#### Extracted entries ####

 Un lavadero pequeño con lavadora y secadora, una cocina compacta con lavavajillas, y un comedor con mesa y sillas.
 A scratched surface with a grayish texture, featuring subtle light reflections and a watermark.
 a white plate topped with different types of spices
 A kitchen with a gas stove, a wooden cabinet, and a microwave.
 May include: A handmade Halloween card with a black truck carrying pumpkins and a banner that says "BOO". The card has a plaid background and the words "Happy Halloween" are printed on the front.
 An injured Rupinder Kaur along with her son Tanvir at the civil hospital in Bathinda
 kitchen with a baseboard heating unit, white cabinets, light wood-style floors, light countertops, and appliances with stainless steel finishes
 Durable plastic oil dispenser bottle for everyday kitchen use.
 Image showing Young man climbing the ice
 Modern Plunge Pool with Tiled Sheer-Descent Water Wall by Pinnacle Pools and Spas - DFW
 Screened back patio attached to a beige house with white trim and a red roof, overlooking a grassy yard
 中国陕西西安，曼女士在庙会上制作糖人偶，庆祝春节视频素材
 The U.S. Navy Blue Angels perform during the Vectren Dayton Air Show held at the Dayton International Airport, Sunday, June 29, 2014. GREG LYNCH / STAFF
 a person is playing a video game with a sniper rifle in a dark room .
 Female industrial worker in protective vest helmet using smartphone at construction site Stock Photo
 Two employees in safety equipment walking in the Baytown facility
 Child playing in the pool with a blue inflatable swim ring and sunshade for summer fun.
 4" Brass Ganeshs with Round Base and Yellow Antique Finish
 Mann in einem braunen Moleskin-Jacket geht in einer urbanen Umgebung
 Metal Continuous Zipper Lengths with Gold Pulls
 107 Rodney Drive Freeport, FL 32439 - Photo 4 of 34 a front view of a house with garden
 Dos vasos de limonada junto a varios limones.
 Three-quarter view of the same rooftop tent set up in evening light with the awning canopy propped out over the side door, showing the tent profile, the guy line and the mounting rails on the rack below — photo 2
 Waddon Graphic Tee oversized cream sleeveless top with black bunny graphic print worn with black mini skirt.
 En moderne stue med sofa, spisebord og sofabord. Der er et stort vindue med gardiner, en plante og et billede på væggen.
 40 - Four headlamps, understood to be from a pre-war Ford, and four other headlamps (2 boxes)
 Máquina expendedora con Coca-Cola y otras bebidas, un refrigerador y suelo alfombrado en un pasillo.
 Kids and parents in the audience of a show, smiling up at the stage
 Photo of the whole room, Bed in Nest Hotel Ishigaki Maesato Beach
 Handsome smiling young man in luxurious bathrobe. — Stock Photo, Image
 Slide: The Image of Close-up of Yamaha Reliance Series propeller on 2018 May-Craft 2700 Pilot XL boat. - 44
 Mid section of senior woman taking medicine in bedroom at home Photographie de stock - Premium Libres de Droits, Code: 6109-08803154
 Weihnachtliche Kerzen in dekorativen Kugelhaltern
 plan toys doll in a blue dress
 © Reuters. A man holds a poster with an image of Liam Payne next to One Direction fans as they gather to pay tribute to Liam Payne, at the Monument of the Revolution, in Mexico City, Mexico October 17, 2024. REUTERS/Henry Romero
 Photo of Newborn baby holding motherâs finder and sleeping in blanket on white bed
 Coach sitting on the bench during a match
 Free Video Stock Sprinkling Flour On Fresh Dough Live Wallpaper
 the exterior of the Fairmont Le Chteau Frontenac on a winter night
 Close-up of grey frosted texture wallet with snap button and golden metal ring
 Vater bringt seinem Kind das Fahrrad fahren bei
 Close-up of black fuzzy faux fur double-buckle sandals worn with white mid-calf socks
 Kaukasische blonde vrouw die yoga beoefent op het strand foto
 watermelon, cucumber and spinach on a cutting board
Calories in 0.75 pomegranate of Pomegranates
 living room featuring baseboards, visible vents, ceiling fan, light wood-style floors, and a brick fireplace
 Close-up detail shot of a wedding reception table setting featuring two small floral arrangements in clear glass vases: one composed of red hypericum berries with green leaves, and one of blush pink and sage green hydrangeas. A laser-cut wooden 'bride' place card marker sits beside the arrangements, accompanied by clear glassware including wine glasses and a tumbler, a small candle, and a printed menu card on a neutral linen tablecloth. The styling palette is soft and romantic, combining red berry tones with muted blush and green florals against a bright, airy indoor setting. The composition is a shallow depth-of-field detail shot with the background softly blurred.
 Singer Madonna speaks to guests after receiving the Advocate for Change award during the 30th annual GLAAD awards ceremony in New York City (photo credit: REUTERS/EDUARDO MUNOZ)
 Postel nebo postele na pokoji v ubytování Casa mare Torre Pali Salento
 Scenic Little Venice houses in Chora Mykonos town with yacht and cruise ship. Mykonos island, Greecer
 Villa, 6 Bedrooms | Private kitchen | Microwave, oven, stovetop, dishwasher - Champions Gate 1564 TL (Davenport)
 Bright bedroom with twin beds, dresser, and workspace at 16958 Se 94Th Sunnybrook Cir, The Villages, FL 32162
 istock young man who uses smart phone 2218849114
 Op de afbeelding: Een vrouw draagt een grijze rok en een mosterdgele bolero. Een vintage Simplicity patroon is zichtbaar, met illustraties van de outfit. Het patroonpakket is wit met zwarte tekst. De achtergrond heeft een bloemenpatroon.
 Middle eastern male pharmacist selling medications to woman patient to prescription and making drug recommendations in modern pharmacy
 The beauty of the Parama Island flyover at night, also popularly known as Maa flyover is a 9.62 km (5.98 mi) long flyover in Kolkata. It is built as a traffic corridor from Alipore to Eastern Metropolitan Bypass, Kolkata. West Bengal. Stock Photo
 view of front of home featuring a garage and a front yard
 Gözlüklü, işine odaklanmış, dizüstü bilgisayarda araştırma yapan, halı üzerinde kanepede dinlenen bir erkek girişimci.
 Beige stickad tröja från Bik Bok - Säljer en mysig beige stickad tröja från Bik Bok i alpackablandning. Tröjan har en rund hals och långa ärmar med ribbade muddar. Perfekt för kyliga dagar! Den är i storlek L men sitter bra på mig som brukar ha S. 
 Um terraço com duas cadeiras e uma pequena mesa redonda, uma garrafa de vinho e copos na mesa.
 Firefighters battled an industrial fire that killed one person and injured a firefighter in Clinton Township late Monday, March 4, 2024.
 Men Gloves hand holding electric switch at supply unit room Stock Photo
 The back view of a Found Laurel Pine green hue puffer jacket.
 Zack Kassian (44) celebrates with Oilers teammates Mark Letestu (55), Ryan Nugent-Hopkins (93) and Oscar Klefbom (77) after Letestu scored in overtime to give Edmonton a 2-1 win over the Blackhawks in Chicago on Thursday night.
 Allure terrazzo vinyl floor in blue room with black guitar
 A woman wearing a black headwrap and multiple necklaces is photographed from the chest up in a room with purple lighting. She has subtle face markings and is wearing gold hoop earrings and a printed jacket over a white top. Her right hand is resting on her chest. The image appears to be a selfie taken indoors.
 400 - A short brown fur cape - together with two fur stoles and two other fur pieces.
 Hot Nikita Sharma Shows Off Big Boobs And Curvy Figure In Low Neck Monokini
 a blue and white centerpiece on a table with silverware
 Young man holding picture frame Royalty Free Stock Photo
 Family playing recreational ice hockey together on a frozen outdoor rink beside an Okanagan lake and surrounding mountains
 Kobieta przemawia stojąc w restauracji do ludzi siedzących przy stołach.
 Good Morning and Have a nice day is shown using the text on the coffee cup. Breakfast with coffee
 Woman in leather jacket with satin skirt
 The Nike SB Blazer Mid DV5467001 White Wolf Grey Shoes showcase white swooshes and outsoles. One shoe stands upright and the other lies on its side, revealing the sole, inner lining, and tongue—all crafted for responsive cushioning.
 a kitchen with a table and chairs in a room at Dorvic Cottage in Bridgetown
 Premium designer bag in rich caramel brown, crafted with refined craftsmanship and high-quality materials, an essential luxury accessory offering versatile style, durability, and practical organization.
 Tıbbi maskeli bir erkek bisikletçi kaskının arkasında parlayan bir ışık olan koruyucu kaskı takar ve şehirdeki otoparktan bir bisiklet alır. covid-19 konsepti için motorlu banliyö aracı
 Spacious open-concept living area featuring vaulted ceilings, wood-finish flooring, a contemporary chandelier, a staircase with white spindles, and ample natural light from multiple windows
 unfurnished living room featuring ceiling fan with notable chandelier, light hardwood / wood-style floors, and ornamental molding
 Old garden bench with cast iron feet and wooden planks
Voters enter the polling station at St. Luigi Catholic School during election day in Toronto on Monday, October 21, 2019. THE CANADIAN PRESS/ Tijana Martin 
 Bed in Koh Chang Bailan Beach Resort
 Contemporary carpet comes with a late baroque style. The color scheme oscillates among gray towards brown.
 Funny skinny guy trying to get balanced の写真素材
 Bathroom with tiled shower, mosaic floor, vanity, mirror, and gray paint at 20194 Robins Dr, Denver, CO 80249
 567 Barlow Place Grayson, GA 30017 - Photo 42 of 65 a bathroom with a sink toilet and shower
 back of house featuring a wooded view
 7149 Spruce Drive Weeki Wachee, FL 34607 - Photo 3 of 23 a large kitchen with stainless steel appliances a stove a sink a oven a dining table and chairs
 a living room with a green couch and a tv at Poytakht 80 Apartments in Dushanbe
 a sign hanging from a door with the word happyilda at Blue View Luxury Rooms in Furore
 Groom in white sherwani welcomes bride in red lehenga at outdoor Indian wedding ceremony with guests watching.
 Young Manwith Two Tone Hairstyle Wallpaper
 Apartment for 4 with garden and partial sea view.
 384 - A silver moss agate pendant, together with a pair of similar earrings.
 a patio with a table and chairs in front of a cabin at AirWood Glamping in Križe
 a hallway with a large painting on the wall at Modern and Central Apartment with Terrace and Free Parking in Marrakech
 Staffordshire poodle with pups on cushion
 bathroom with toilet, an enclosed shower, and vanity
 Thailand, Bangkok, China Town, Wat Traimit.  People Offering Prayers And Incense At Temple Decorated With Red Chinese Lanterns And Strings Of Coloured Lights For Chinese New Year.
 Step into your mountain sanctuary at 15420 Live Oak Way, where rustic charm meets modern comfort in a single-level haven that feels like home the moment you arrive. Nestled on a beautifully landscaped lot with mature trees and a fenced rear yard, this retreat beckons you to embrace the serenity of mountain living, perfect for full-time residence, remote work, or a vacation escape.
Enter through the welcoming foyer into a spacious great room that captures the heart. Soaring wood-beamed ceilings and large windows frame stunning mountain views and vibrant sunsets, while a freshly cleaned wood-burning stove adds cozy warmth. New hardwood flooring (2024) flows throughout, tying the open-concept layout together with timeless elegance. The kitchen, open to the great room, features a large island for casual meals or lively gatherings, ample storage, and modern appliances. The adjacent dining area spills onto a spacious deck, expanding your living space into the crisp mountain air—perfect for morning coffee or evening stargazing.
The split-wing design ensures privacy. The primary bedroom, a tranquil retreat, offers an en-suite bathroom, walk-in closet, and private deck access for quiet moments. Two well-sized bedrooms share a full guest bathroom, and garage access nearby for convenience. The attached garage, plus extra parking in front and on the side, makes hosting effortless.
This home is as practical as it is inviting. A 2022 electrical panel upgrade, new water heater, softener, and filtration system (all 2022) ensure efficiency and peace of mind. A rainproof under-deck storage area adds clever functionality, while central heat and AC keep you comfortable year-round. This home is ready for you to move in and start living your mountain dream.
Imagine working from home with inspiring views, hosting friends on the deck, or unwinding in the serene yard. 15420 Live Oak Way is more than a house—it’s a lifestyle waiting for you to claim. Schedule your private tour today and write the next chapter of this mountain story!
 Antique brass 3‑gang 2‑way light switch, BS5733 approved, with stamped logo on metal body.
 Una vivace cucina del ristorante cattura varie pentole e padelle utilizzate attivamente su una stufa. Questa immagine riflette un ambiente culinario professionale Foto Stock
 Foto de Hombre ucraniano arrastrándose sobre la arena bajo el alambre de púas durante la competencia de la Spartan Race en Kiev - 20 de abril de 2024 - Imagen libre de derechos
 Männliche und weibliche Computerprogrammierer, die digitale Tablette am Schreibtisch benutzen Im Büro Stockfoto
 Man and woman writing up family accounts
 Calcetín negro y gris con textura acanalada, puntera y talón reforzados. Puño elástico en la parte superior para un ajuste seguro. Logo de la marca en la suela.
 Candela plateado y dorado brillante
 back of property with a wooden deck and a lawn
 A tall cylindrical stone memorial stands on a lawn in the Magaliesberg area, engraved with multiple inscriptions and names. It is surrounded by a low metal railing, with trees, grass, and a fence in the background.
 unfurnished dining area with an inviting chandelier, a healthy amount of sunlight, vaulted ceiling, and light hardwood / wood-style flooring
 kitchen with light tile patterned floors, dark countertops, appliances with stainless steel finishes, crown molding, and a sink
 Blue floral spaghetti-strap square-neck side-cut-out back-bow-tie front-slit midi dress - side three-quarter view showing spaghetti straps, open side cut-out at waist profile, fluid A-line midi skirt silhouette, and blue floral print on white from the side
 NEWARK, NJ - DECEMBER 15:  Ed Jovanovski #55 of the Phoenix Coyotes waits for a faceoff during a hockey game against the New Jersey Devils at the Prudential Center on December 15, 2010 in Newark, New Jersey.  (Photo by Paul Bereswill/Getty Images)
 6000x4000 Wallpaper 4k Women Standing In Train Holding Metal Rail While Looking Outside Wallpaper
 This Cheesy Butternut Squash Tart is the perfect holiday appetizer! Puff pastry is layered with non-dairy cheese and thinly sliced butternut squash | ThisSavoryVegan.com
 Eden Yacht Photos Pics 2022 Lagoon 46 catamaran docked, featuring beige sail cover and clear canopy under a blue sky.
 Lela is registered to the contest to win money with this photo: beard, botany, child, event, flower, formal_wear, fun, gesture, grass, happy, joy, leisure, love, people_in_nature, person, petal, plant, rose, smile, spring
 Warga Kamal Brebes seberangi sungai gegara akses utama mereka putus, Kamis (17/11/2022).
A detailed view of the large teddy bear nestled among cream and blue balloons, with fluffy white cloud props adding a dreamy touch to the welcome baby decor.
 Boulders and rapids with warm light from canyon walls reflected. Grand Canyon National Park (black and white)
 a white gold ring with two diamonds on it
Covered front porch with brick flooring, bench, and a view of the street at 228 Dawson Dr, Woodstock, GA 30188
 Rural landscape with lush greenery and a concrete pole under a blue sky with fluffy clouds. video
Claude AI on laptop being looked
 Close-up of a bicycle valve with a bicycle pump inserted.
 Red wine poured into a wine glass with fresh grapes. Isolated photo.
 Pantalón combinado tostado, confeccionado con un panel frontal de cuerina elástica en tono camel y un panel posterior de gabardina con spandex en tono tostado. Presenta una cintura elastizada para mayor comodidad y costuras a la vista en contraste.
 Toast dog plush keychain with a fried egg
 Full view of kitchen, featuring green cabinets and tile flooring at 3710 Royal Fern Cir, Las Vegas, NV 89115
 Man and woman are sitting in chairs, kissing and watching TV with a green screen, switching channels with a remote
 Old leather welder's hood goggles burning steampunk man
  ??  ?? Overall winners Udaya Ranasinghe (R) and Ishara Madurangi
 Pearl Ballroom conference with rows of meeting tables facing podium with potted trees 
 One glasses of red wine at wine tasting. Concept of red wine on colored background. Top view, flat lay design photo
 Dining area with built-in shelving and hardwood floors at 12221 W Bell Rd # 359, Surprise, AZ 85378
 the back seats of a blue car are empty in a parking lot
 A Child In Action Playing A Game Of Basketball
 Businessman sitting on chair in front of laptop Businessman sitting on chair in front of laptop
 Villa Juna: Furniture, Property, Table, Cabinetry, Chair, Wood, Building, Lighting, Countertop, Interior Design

####

> **Assignment**:
The result should be every line that contains "multiple", copied from the entries.

> **Reply**:
 A woman wearing a black headwrap and multiple necklaces is photographed from the chest up in a room with purple lighting. She has subtle face markings and is wearing gold hoop earrings and a printed jacket over a white top. Her right hand is resting on her chest. The image appears to be a selfie taken indoors.
 Spacious open-concept living area featuring vaulted ceilings, wood-finish flooring, a contemporary chandelier, a staircase with white spindles, and ample natural light from multiple windows
 A tall cylindrical stone memorial stands on a lawn in the Magaliesberg area, engraved with multiple inscriptions and names. It is surrounded by a low metal railing, with trees, grass, and a fence in the background.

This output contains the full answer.